• **Dataset records**
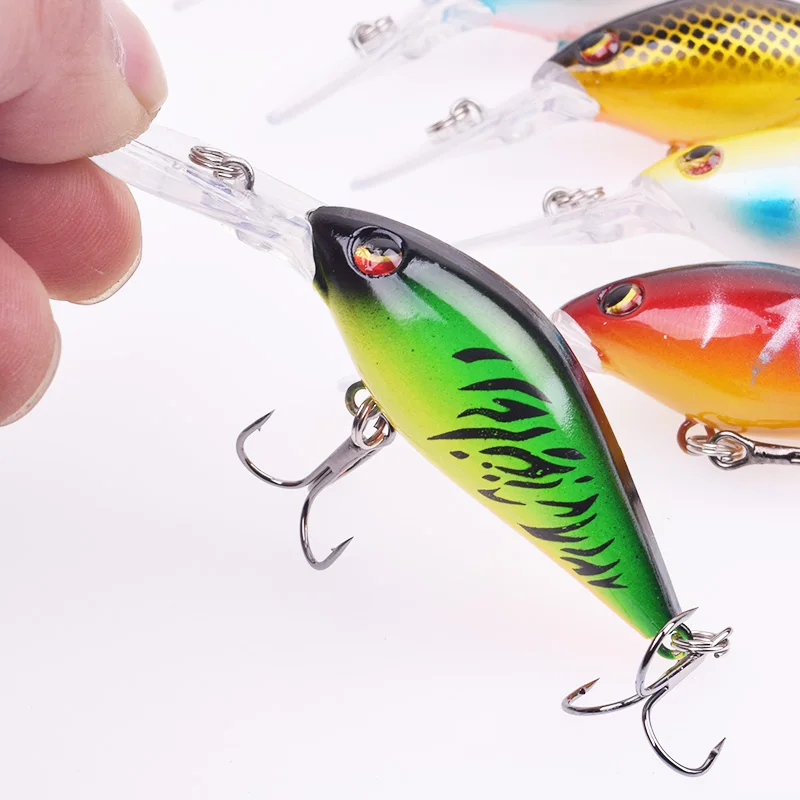 Una mano sostiene un señuelo de pesca con un cuerpo colorido y un gancho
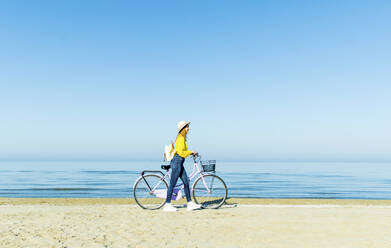 Frau zu Fuß mit Fahrrad am Strand - DAF00043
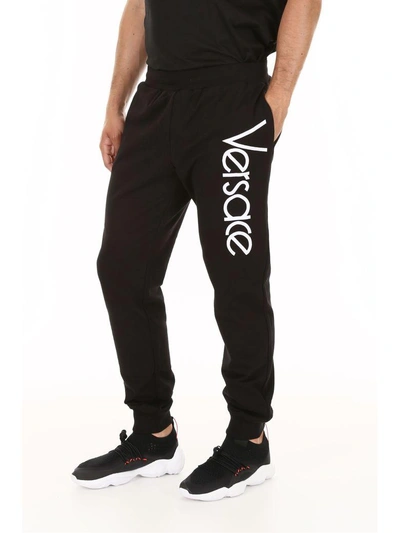 Shop Versace Sweatpants In Nero Bianco (black)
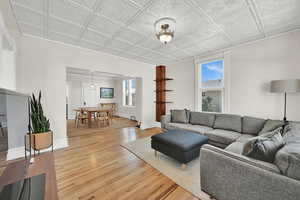 Living room featuring an ornate ceiling, recently refinished hardwood floors, baseboards, and lots of natural light.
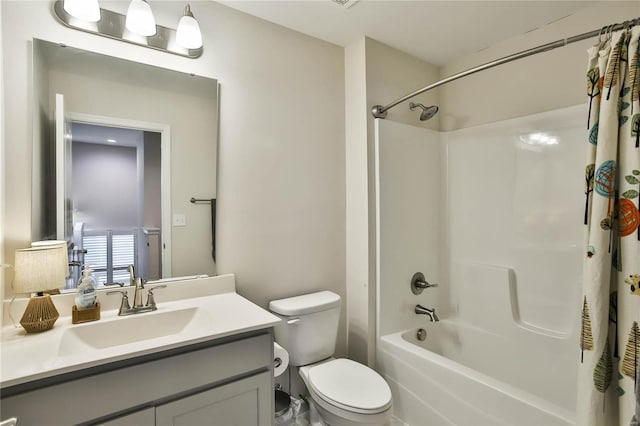 full bathroom with vanity, toilet, and shower / bath combo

• **Your objective**
Your output should be the lines from the one with "Living room featuring" through the end of the listing, copied exactly and with the pictures left out.

• **Task output**
 Living room featuring an ornate ceiling, recently refinished hardwood floors, baseboards, and lots of natural light.
 full bathroom with vanity, toilet, and shower / bath combo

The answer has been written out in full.